Turning to Private International Law, Professor Adrian Briggs looked at the application of Private International Law and the extent to which the Supreme Court will be able to influence this area of the Law in the future. He used five recent examples of Private International Law jurisprudence all raising the question of the degree to which parties lent themselves into the laws of a foreign jurisdiction. In summary, Professor Briggs suggested that the role of the Supreme Court may be a vanishing one and that sources of new Private International Law, especially now that the Treaty of Lisbon is ratified, will come from Europe rather than from the Supreme Court.

Professor Alan Paterson, University of Strathclyde whose recent research funded by the Nuffield Foundation had allowed him to question Law Lords about the effect of dialogue with counsel and to study how advocacy has changed over the last 35 years, presented his analysis. Professor Paterson pointed out that shorter hearings had lead to the curtailment of oral argument but that there was a striking difference in the opinion between the advocates and the judiciary; judges believing oral presentations to be very important whilst counsel were less confident about their influence. Professor Paterson had found that judges did not always read written submissions (although these were more necessary in the last decade as hearings were shorter), partly due to fear that they might pre-judge a case. Professor Paterson noted instances where individual judges became well known for shutting down argument and that informal dialogue between judges, for example, at the coffee machine, had vanished from the culture of the judiciary during Lord Bingham's time in office, the implication being that this allows for less polarised dialogue between judges.

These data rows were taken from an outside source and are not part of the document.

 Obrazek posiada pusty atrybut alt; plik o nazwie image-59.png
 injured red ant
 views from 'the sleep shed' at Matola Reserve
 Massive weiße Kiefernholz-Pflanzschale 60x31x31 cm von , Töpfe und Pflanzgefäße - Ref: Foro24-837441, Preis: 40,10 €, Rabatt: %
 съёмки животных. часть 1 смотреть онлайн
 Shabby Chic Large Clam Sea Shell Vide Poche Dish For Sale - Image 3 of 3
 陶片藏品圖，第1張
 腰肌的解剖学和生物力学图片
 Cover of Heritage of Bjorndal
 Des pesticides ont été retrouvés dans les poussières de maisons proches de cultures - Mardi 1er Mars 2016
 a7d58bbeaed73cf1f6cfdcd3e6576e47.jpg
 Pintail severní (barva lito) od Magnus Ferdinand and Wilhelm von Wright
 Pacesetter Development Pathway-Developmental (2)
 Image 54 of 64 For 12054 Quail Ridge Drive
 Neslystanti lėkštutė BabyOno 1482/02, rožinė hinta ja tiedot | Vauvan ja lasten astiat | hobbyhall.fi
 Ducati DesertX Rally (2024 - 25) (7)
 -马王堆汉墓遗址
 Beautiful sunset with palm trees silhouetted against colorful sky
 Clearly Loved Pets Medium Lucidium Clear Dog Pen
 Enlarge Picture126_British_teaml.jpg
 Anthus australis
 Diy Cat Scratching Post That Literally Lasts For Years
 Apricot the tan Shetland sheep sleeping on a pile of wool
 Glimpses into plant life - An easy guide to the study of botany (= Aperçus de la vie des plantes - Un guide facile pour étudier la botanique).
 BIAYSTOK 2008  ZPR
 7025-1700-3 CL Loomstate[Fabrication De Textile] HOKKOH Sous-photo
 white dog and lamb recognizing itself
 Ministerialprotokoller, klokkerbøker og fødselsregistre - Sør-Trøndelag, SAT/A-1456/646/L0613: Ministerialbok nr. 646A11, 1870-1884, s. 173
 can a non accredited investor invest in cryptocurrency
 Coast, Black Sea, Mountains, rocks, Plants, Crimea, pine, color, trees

The Independence of the Judges

Chair for the early afternoon session, Professor David Feldman, Rouse Ball Professor of English Law, University of Cambridge, introduced speakers Professor Andrew Le Sueur, Queen Mary, University of London and Dr Aileen Kavanagh, University of Oxford.

Professor Le Sueur considered the approach to consultation which led to the establishment of the Supreme Court, the routes used or open to jurists to influence policy and suggested ways in which legal academics could contribute to debate, for example by acting as specialist advisors and facilitating the transfer of knowledge by organising events that open up dialogue with the judiciary. Delegates questioning Professor Le Sueur were concerned that effect which taking the role of specialist advisor might have on the academic freedom the incumbent.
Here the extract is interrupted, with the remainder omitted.